**YOUR GOAL**
Write out the records again, exactly. Nothing may be dropped.

Segment Start: MATERIAL FOR THE TASK

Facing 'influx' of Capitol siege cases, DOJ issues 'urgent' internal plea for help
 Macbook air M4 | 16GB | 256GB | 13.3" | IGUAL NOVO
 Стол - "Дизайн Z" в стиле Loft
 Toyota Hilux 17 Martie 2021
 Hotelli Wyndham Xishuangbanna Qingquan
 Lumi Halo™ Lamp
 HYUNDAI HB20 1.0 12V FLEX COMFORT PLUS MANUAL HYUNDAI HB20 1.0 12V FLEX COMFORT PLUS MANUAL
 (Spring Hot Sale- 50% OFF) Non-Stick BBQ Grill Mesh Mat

Segment End: MATERIAL FOR THE TASK

**ANSWER BOX**
Facing 'influx' of Capitol siege cases, DOJ issues 'urgent' internal plea for help
 Macbook air M4 | 16GB | 256GB | 13.3" | IGUAL NOVO
 Стол - "Дизайн Z" в стиле Loft
 Toyota Hilux 17 Martie 2021
 Hotelli Wyndham Xishuangbanna Qingquan
 Lumi Halo™ Lamp
 HYUNDAI HB20 1.0 12V FLEX COMFORT PLUS MANUAL HYUNDAI HB20 1.0 12V FLEX COMFORT PLUS MANUAL
 (Spring Hot Sale- 50% OFF) Non-Stick BBQ Grill Mesh Mat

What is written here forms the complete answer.